## REQUIRED ACTION
Beginning at the line containing "a bathroom with", repeat each line below exactly up to and including the line containing "Pu&ograve; includere: Due". Do not repeat the pictures.
DATASET CONTENT: Begin
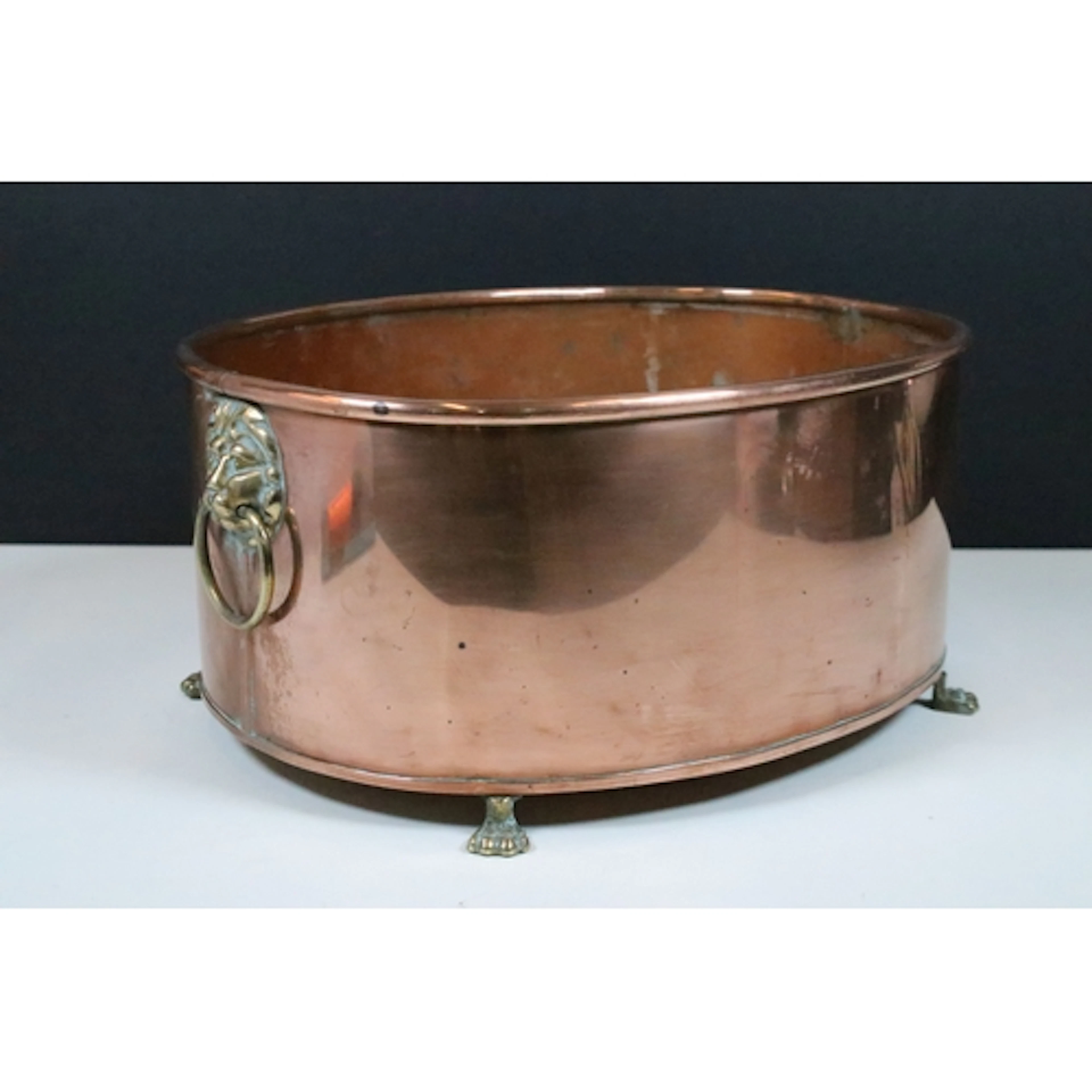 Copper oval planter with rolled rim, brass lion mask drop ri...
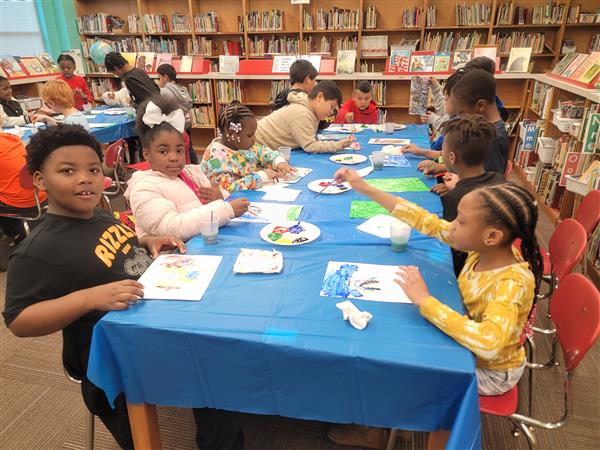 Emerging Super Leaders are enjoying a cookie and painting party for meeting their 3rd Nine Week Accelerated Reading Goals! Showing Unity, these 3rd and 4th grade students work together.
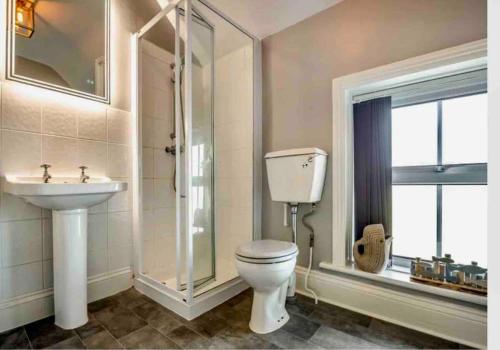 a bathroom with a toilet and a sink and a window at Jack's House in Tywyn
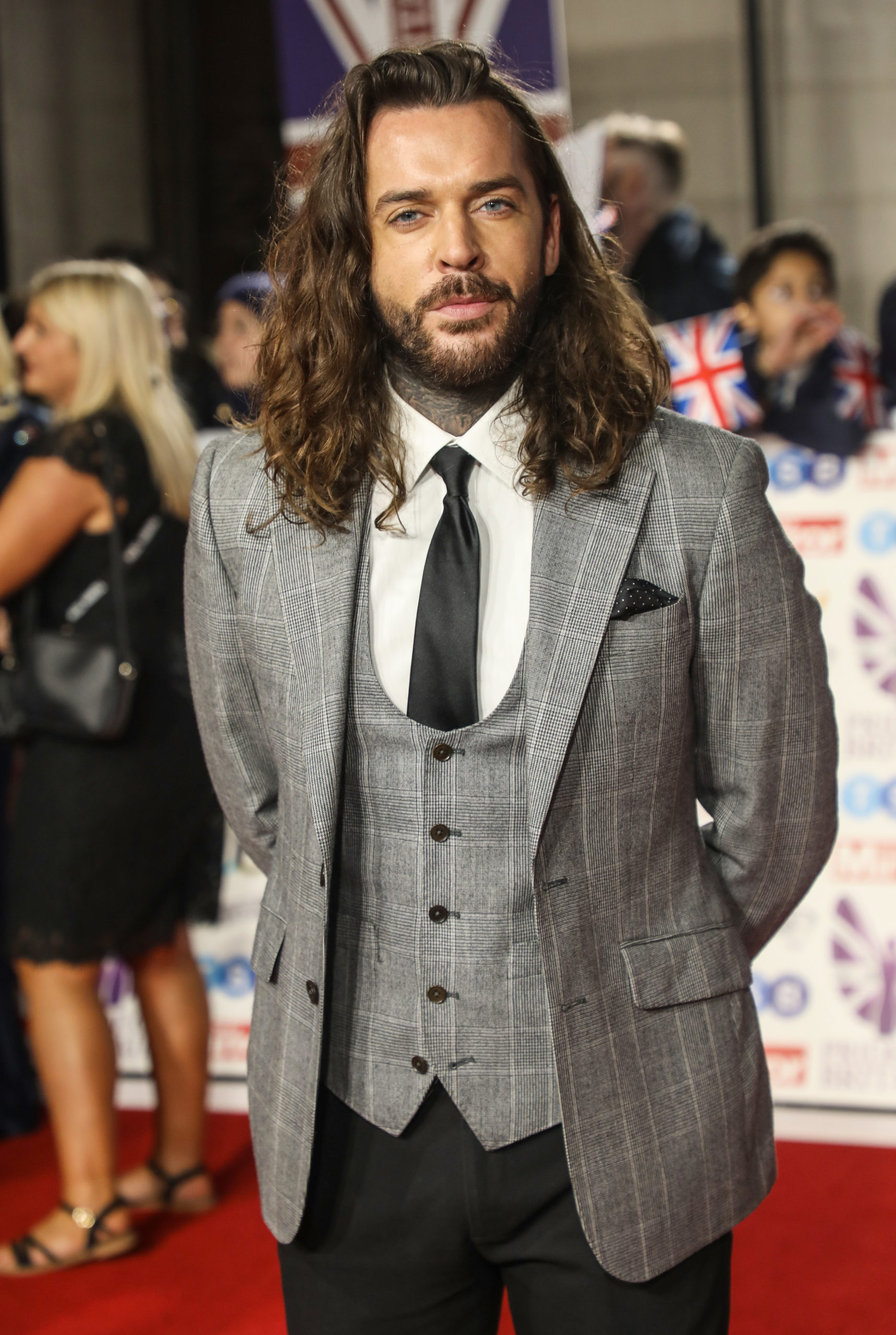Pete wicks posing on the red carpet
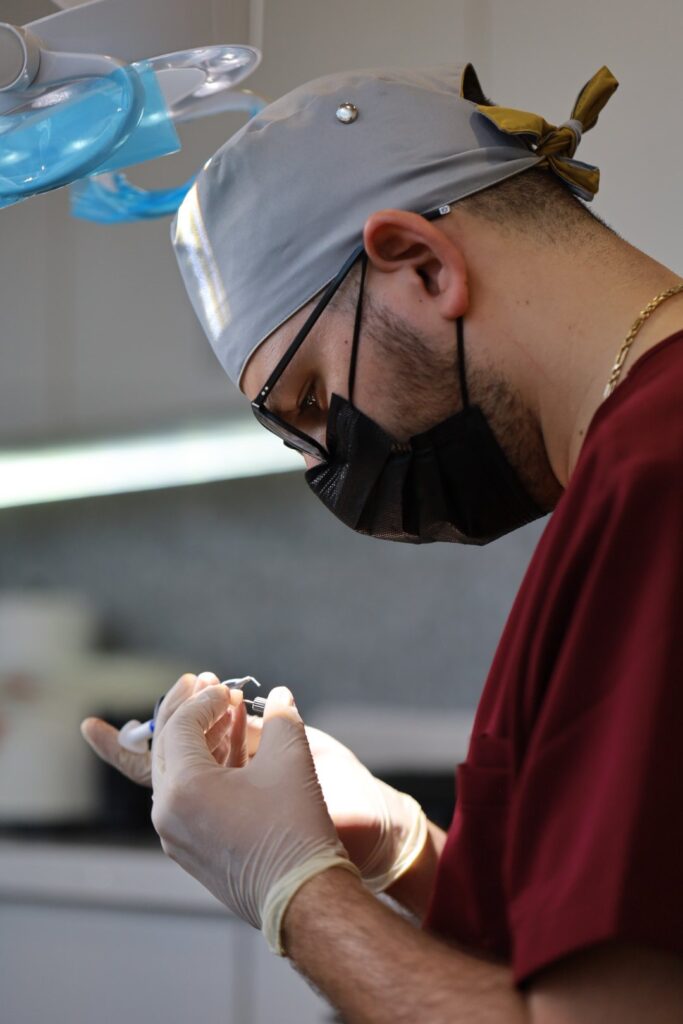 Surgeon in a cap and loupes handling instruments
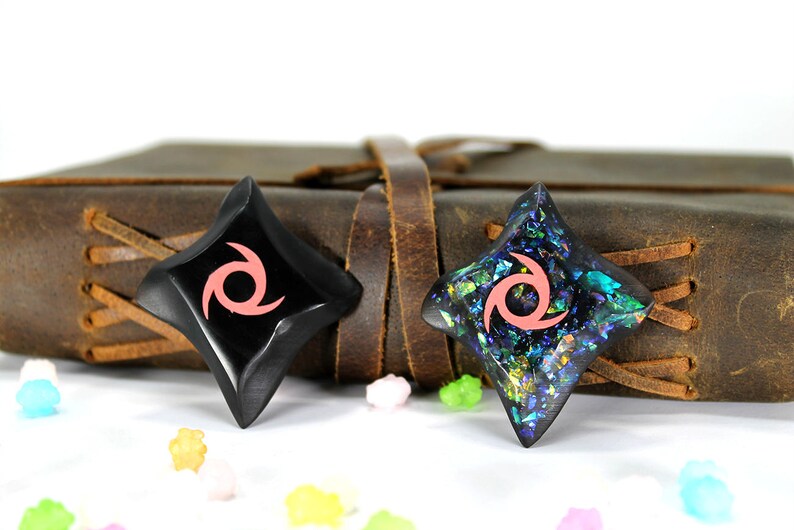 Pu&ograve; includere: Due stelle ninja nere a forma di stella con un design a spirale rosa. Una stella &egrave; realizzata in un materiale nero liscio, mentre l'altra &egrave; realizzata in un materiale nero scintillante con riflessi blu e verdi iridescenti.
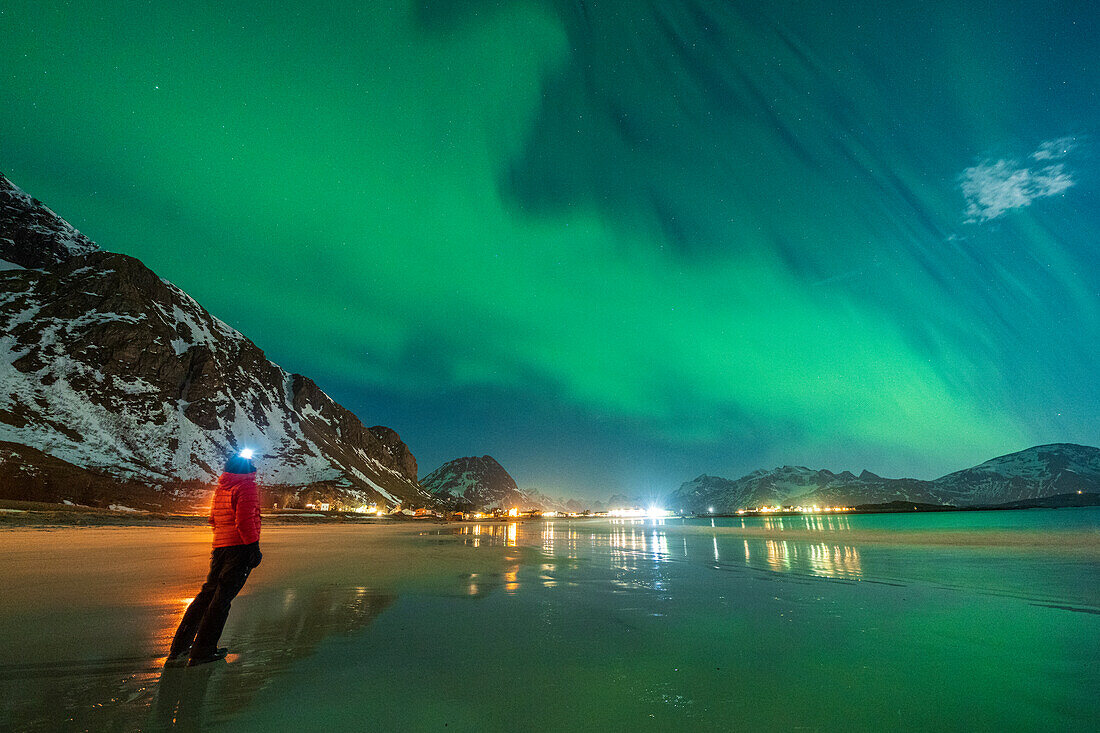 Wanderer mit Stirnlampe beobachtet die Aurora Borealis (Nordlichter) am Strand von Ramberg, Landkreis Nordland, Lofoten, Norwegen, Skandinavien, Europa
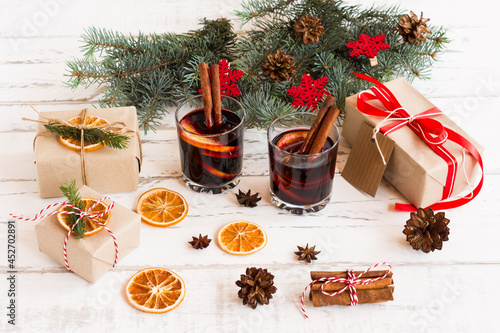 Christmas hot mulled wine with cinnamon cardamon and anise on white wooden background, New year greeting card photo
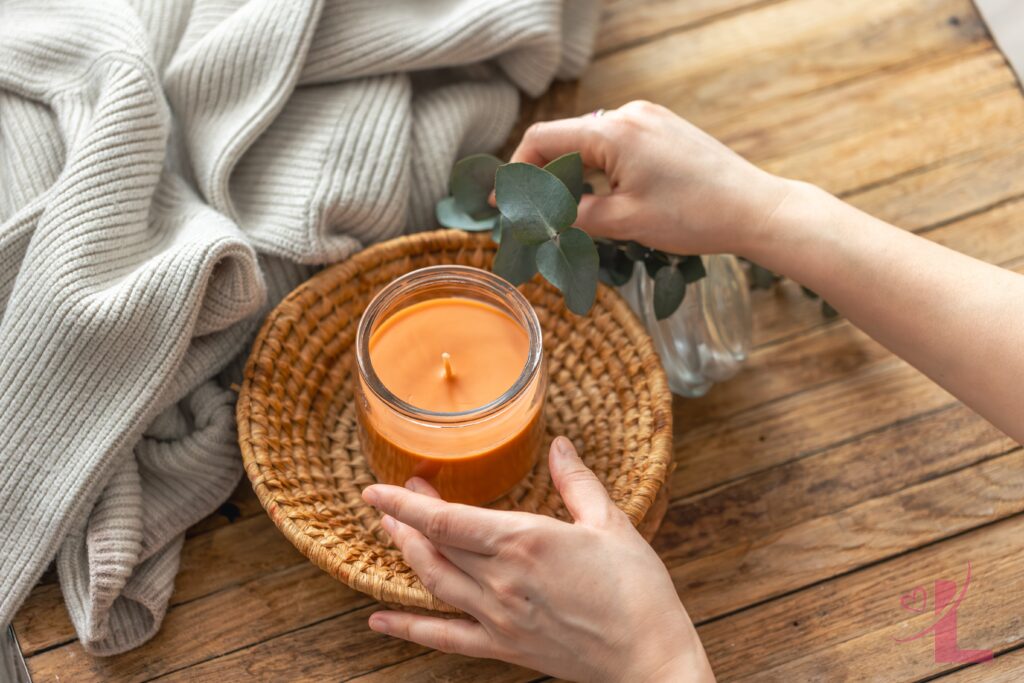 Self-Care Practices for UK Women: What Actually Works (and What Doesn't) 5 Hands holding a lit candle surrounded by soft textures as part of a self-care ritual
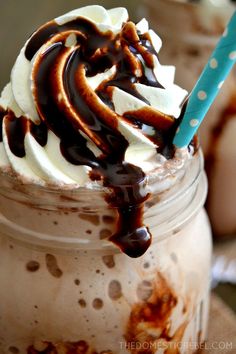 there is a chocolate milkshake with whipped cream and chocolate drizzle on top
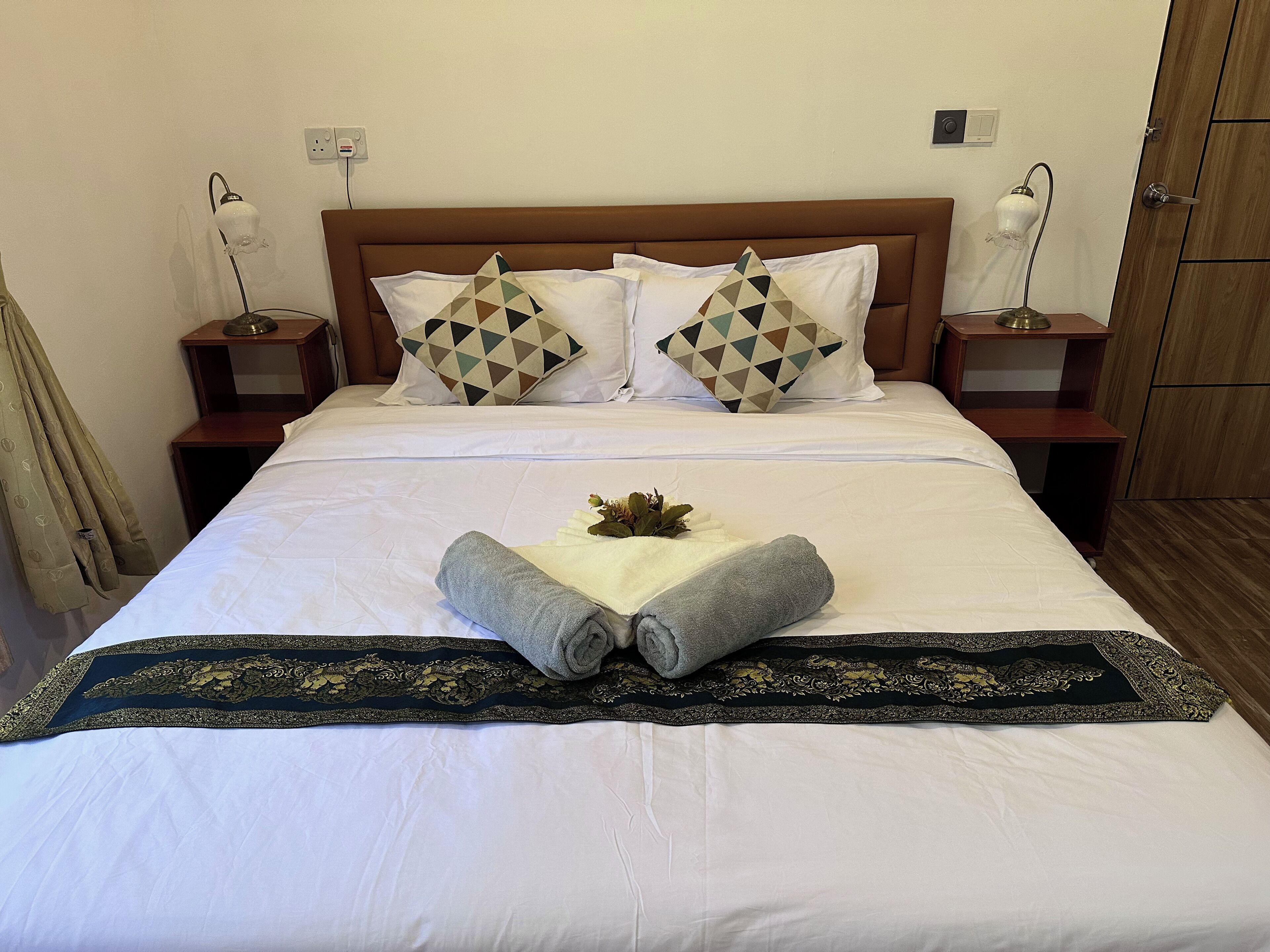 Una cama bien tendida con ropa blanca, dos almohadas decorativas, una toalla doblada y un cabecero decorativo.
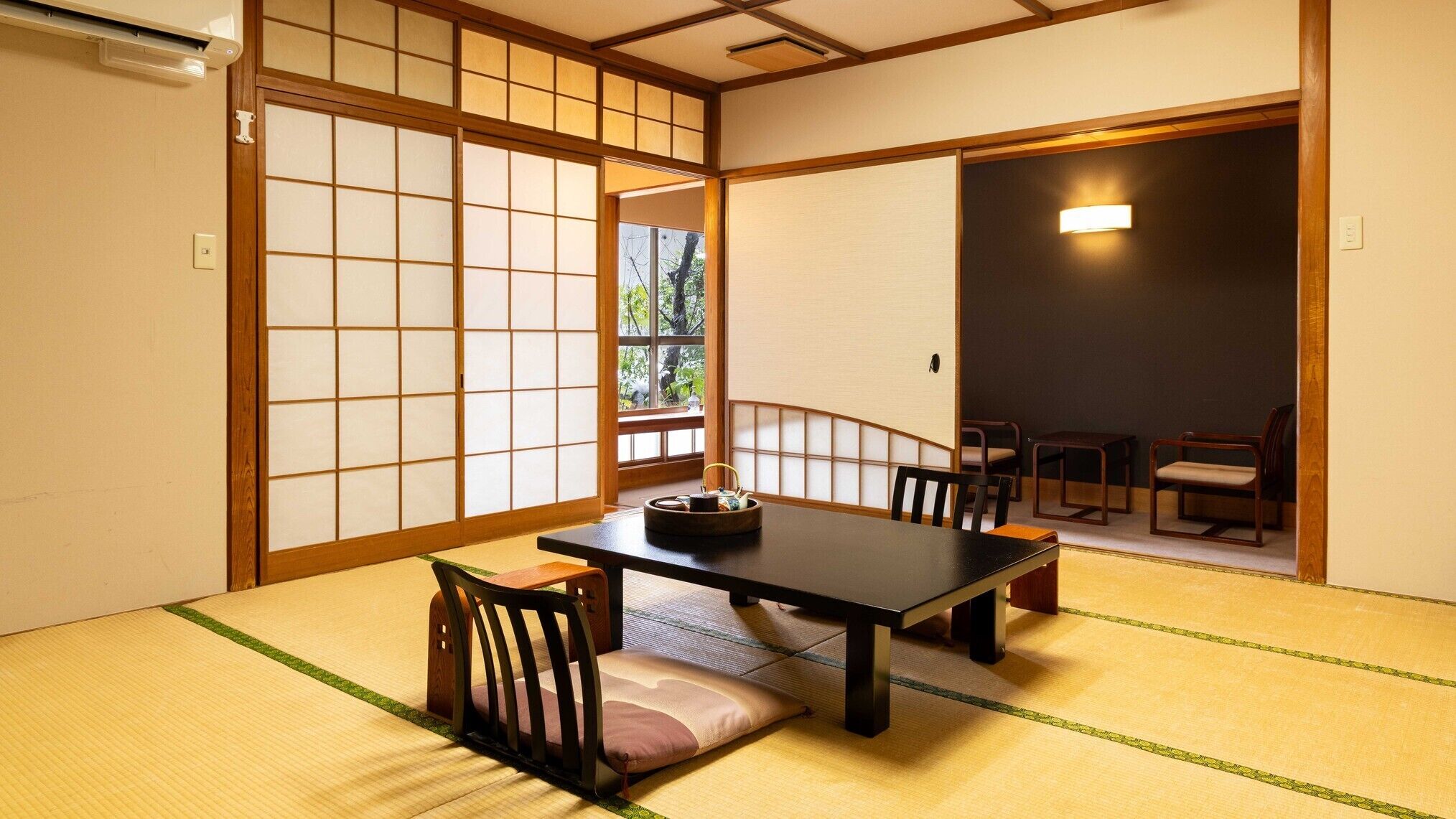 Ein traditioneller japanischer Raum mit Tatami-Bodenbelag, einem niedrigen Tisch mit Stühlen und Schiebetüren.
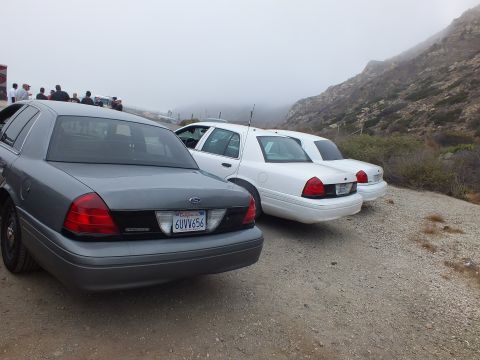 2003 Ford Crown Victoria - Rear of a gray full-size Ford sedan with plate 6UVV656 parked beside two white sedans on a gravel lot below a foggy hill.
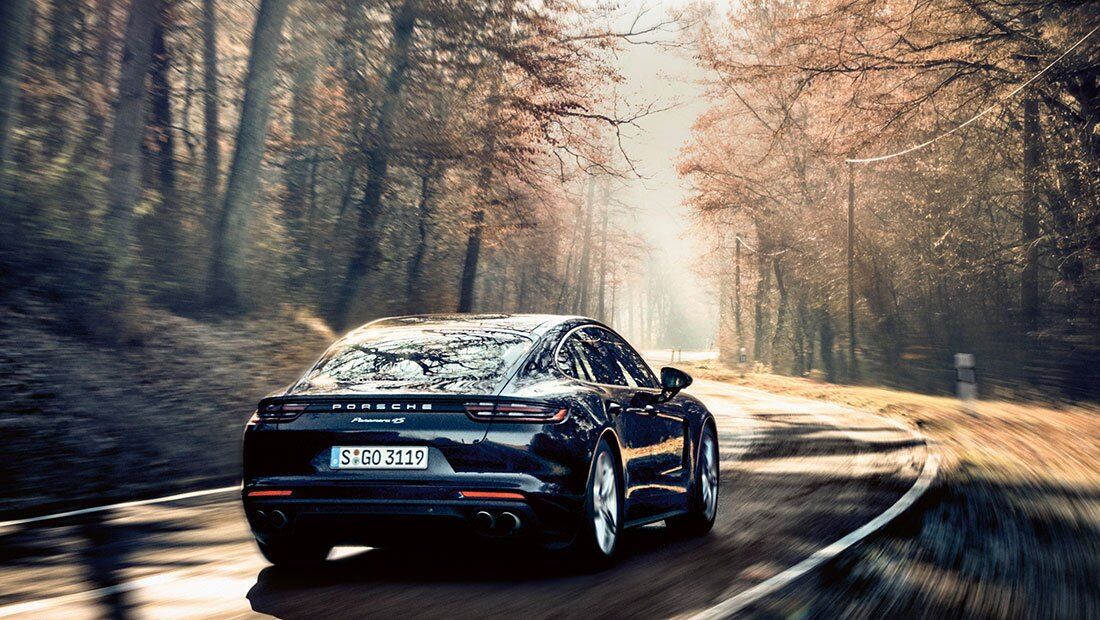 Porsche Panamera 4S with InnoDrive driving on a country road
DATASET CONTENT: End
## ANSWER AREA
 a bathroom with a toilet and a sink and a window at Jack's House in Tywyn
Pete wicks posing on the red carpet
 Surgeon in a cap and loupes handling instruments
 Pu&ograve; includere: Due stelle ninja nere a forma di stella con un design a spirale rosa. Una stella &egrave; realizzata in un materiale nero liscio, mentre l'altra &egrave; realizzata in un materiale nero scintillante con riflessi blu e verdi iridescenti.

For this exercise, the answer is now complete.